Robert Huber, co-founder of Critical Intelligence, an Idaho Falls-based expert in industrial control systems, says "information sharing between government and private entities appears beneficial on the surface; however, many private entities’ cybersecurity programs are not mature enough to ingest the information.... If your organization does not have the appropriate collection and logging systems in place, what are you going to do with this information?"
More telling, some said, was the Republican platform’s warning that a "costly and heavy-handed regulatory approach by the current Administration will increase the size and cost of the federal bureaucracy and harm innovation in cybersecurity."
That language is a direct echo of Congress's unwillingness to pass even weak, voluntary measures to strengthen cybersecurity for critical infrastructure. The House earlier this year passed an information-sharing-only bill. In the Senate, Republicans backed by the US Chamber of Commerce last month even blocked a bill that contained only watered-down voluntary standards for private infrastructure owners to meet.
"The Republicans basically replayed the Bush 2002 [anti-regulatory, voluntary] strategy, which was a complete flop," James Lewis, a cyberexpert with the Center for Strategic and International Studies, a Washington think tank, writes in an e-mail.
"There are some really smart people in the Romney campaign, so this is probably not the real policy, just a placeholder for the election, but designed to check the ideological boxes using a combination of advertising slogans and wishful thinking," Mr. Lewis adds. "I don't know if that means they couldn't agree internally and had to settle on the lowest common denominator or if they really believe that stuff about voluntary actions – some of them do, so I expect it was a mix of both motives."
But Democrats didn't fair much better as far as what they are asking for from industry, the experts said. The Democrat platform is basically "a mirror of the Senate bill that failed," writes Digital Bond's Mr. Peterson.

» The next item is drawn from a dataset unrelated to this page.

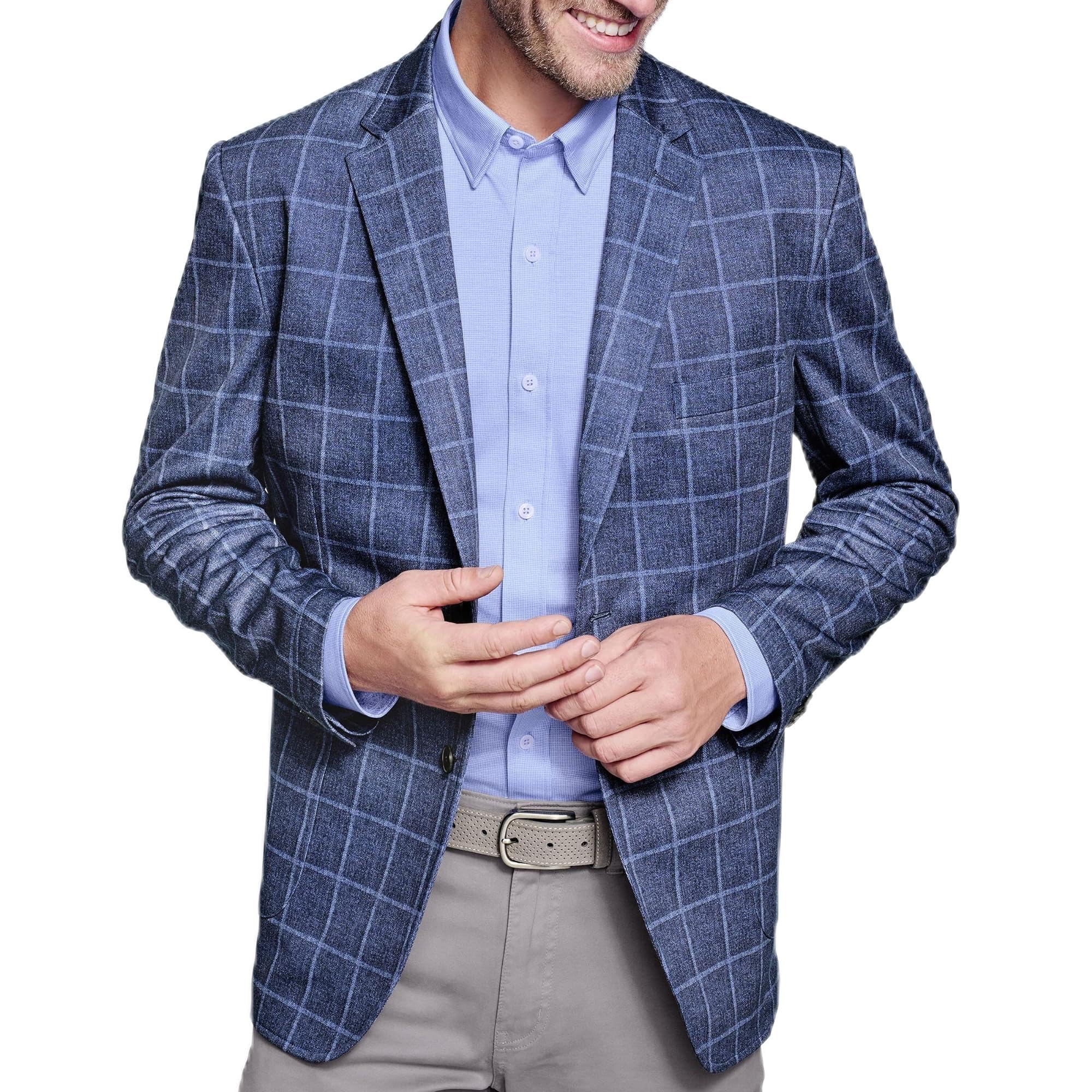 Johnston & Murphy XC Flex Unlined Plaid Knit Blazer for Men | Lightweight Stretch Comfort Jacket | Business Casual & Office Wear | Perfect for Work, Weddings & Special Occasions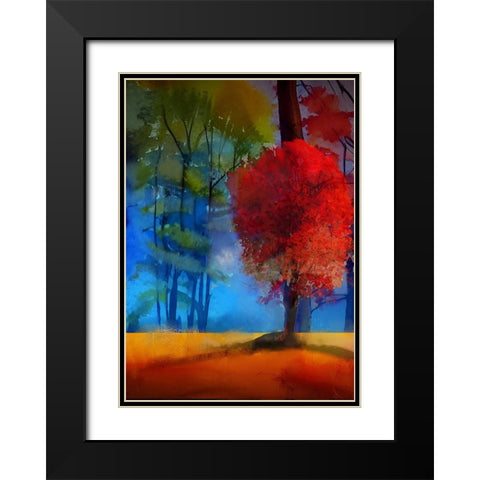 Flamboyant Red Tree Black Modern Wood Framed Art Print with Double Matting by Day, Ruth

"In reality, the Department of Homeland Security has all the authority they need to make a difference," he writes. "The government has just refused to put out honest, detailed information about the problem and putting companies on record that they know about it and should fix it. This combined with the Securities and Exchange Commission disclosure requirements would put heat on C-level executives to fix the problem. No legislation is required for this."